Application insight through performance modeling
Doctor of Philosophy
Tuning the performance of applications requires understanding the interactions between code and target architecture. Hardware counters, present in all modern processors, can identify possible causes of performance problems and can pinpoint sections of code that execute at a low fraction of machine peak performance. However, the information provided by hardware counters is often insufficient to understand the causes of poor performance or to realistically estimate the potential for performance improvement. This thesis presents techniques to measure and model application characteristics independent of the target architecture. Using information gathered from both static and dynamic analysis, this approach not only makes accurate predictions about the behavior of an application on a target architecture for different inputs, but also provides guidance for tuning by highlighting the factors that limit performance at different points in a program. We introduce several new performance analysis metrics that estimate the maximum gain expected from tuning different aspects of an application, or from using hardware accelerator coprocessors.
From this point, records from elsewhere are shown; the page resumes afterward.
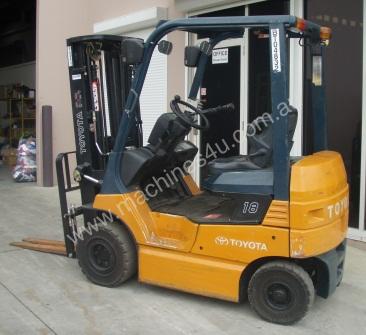 Forklifts ALH102 - Hire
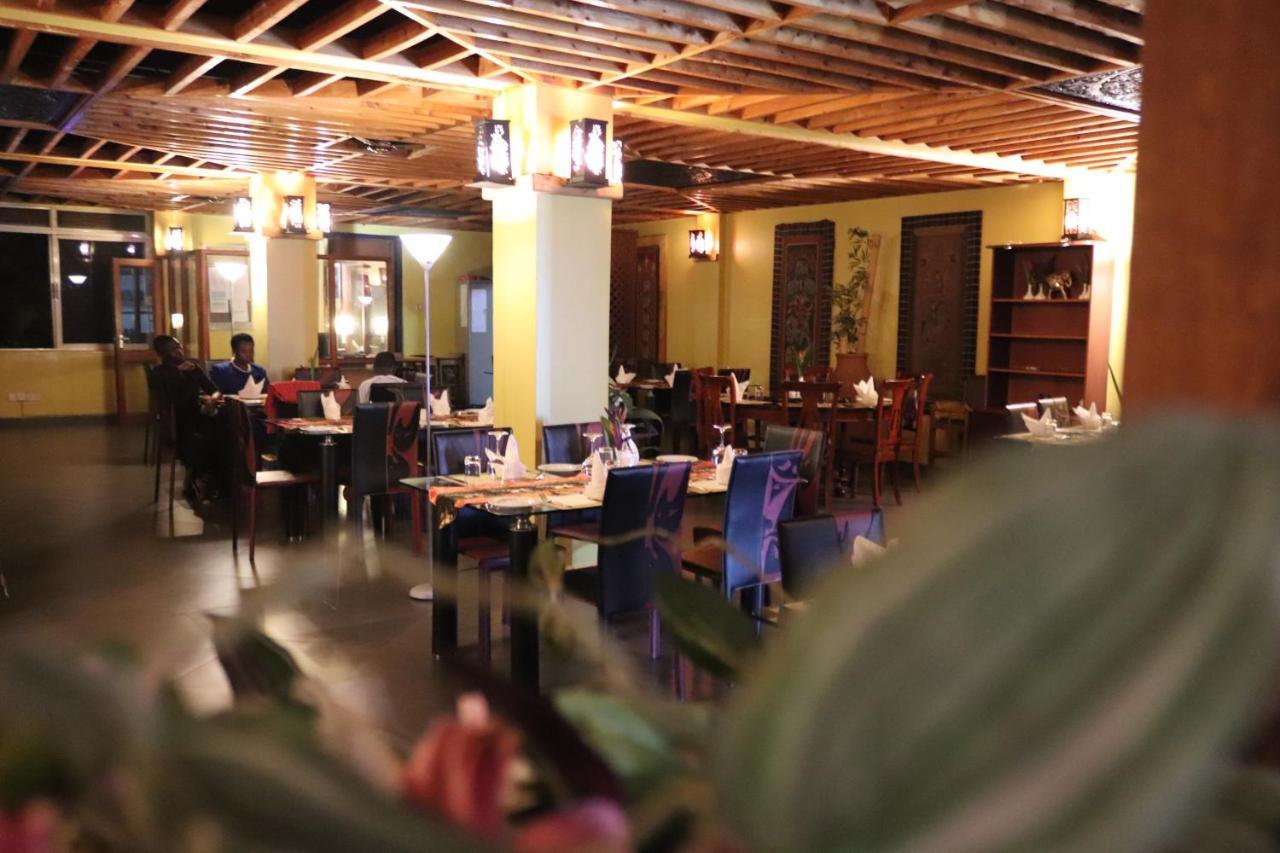 Metropole Hotel Καμπάλα Εξωτερικό φωτογραφία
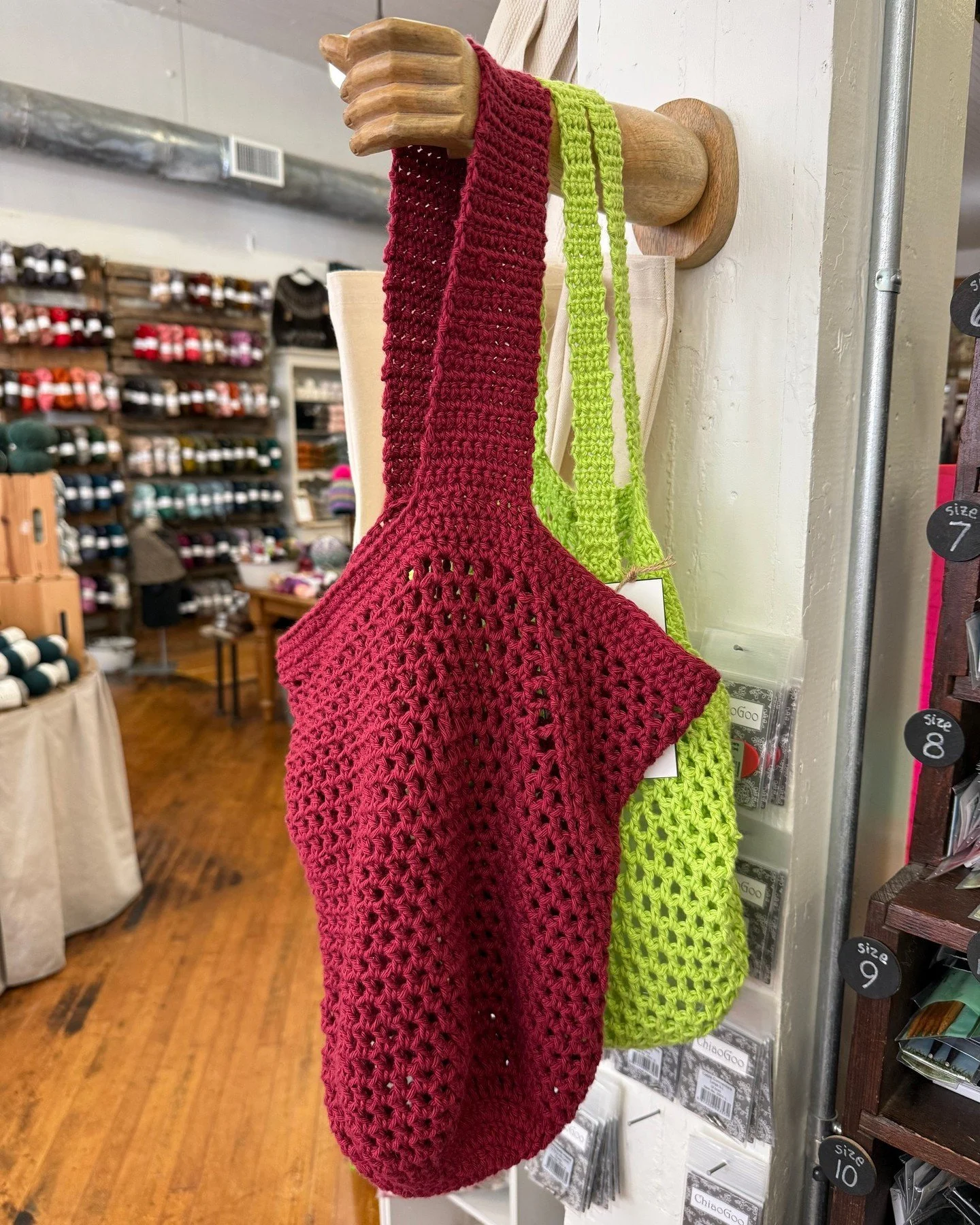 Need a great bag for your projects, groceries or your book and sunscreen!!? This Crochet Beach / Market Bag class with Jennifer and Kate includes two types of handles (see earlier post for the alternate handle style). 

Two session class: July 9 and 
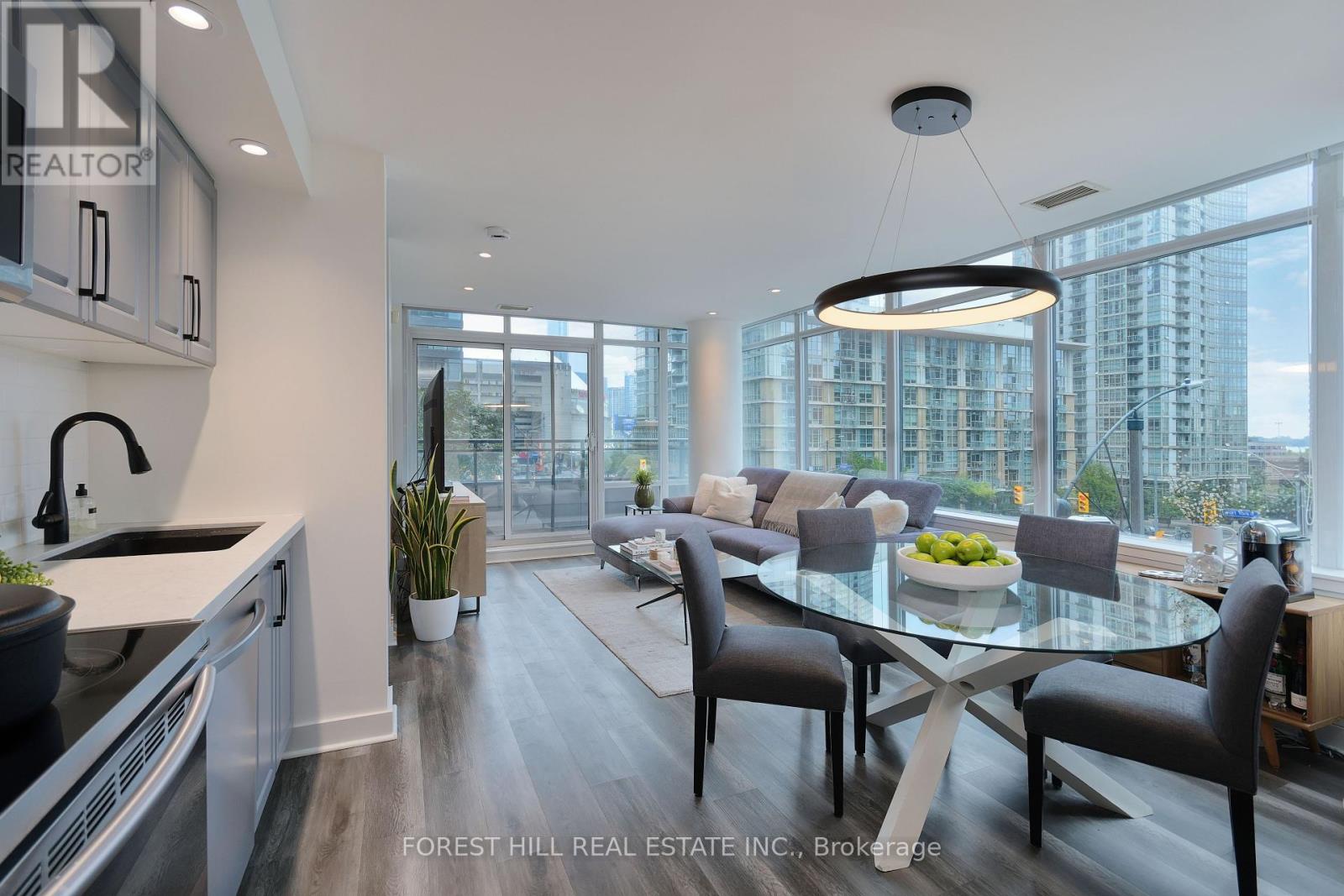 218 - 4k Spadina Avenue, Toronto, Ontario  M5V 3Y9 - Photo 7 - C12427112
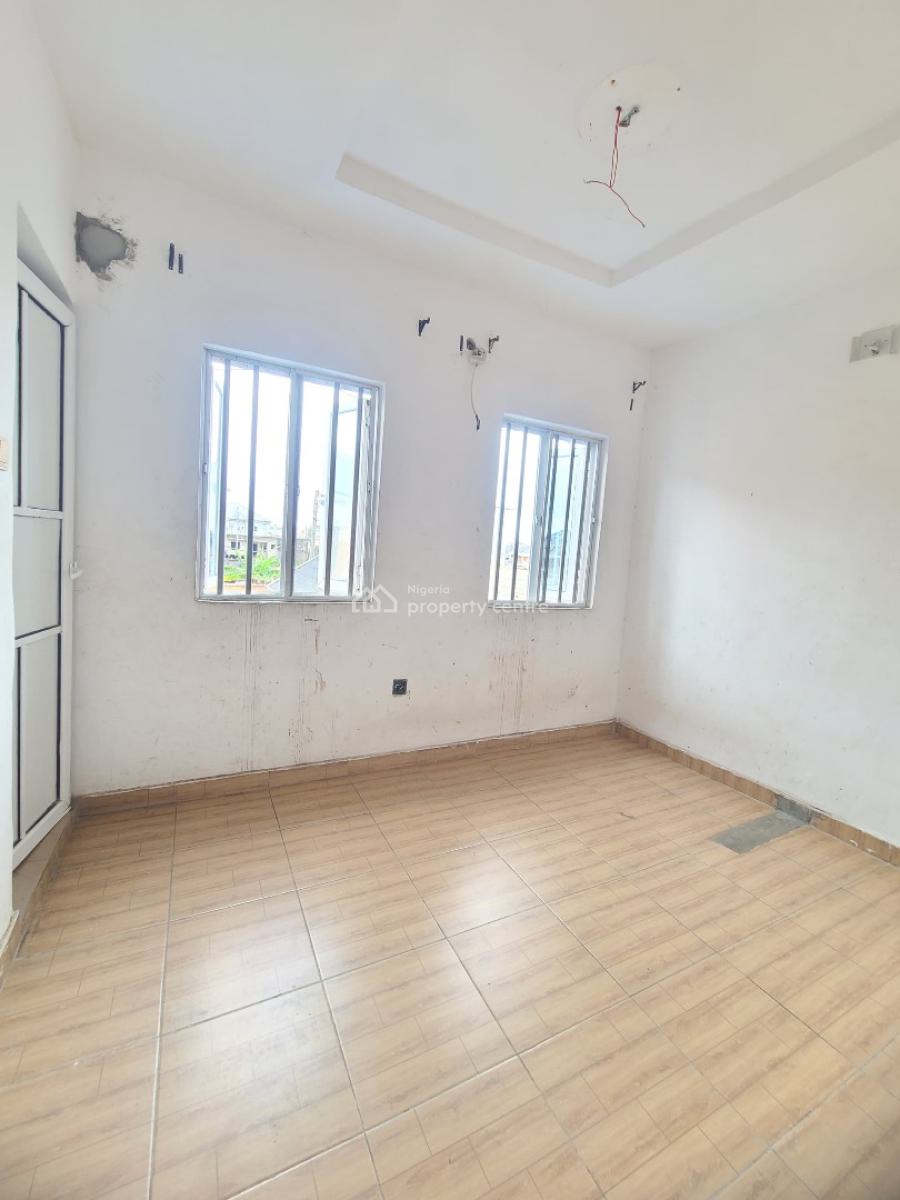 Clean and Spacious 3 Bedroom Terrace Duplex, Harmony Estate Langbasa, Ajah, Lagos, Terraced Duplex for Rent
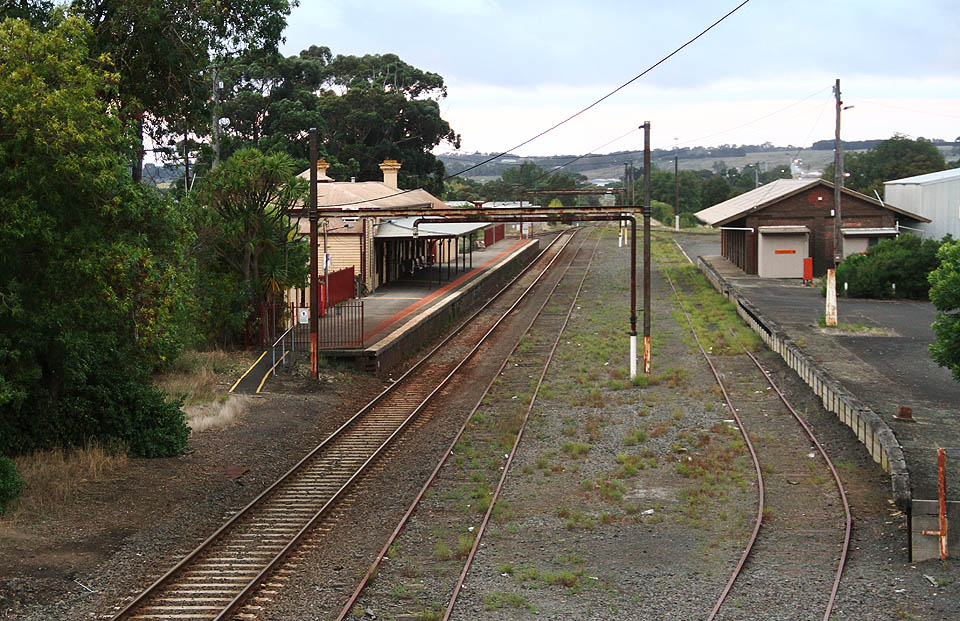 Železniční stanice Colac v podzimním odpoledne 23. března 2015.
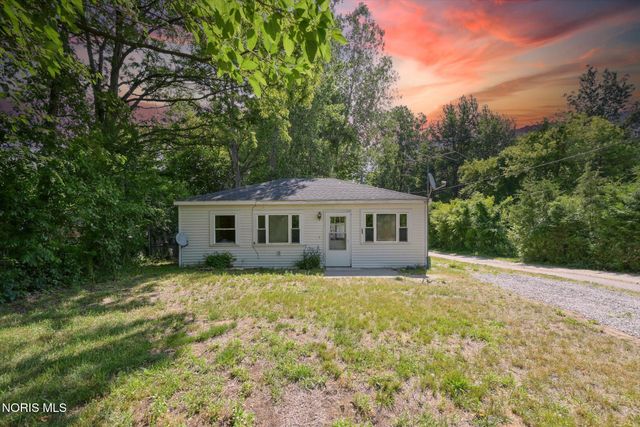 2320 County Road 2, Swanton, OH 43558
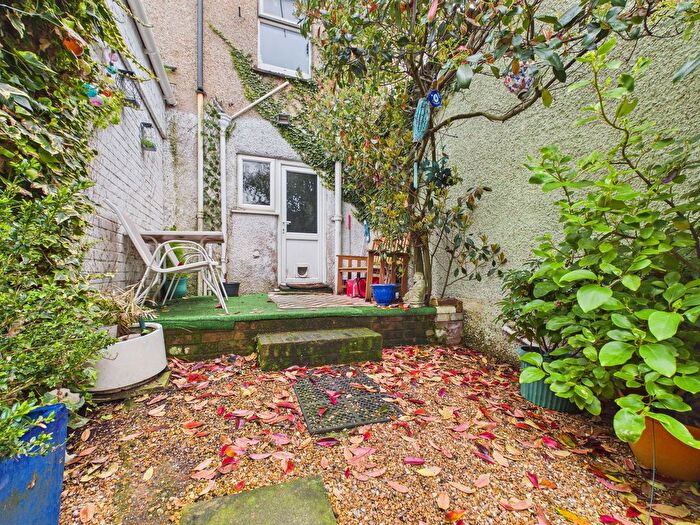3 Bedroom Maisonette For Sale In Crabtree Lane, Lancing, BN15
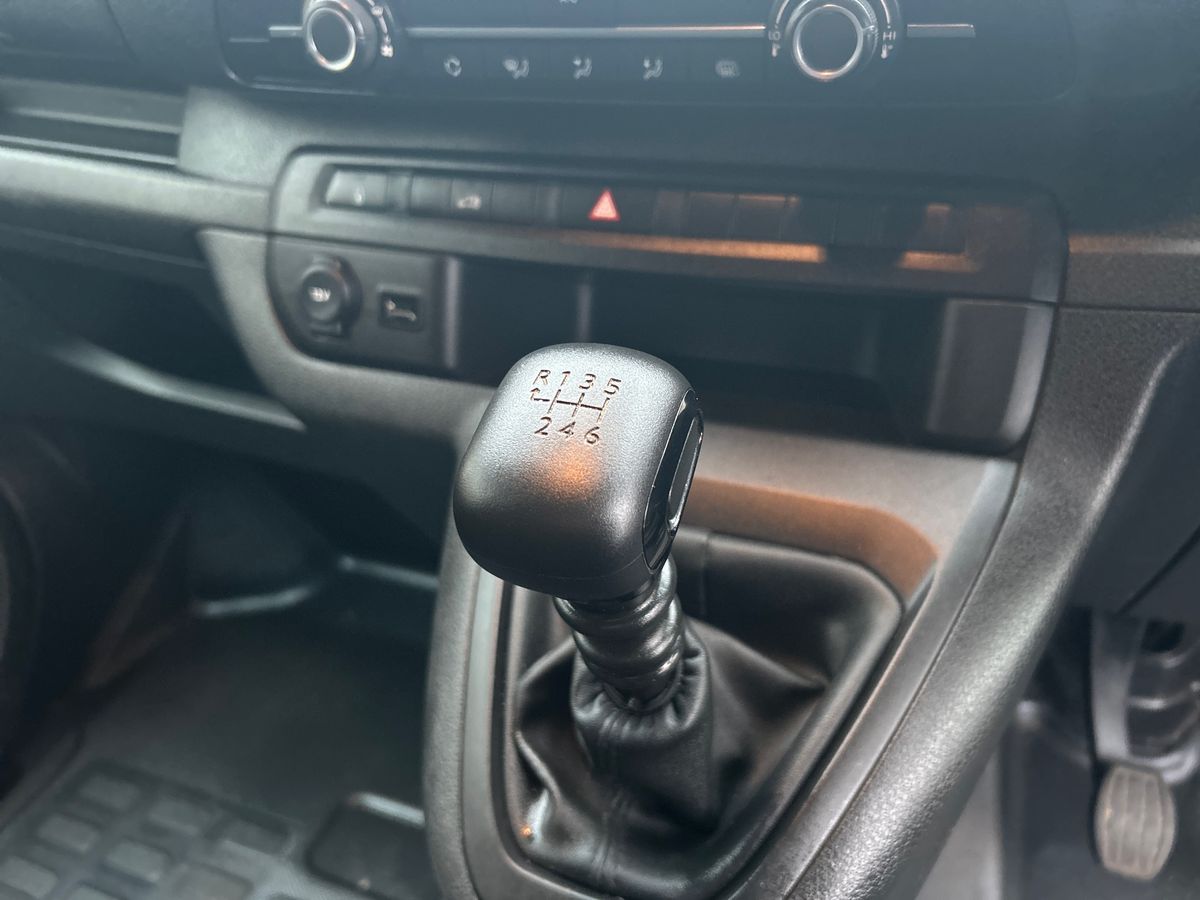 Used Vauxhall Vivaro 2023 for sale - 77148734: Photo 15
Our approach models the most important factors affecting application performance and provides estimates of unfulfilled performance potential due to a mismatch between an application's characteristics and the resources present on the target architecture. We model an application's instruction execution cost and memory hierarchy utilization, and we identify performance problems arising from insufficient instruction-level parallelism or poor data locality. To demonstrate the utility of this approach, this thesis presents the results of analyzing and tuning two scientific applications. For Sweep3D, a three-dimensional Cartesian geometry neutron transport code benchmark from the DOEs Accelerated Strategic Computing Initiative, our analysis identified opportunities for improvement that shortened execution time by 66% on an Itanium2--based system. For the Gyrokinetic Toroidal Code (GTC) from Princeton Plasma Physics Laboratory, a particle-in-cell code that stimulates turbulent transport of particles and energy in burning plasma, our techniques identified opportunities for improvement that shortened execution time by 33% on the same Itanium2 system.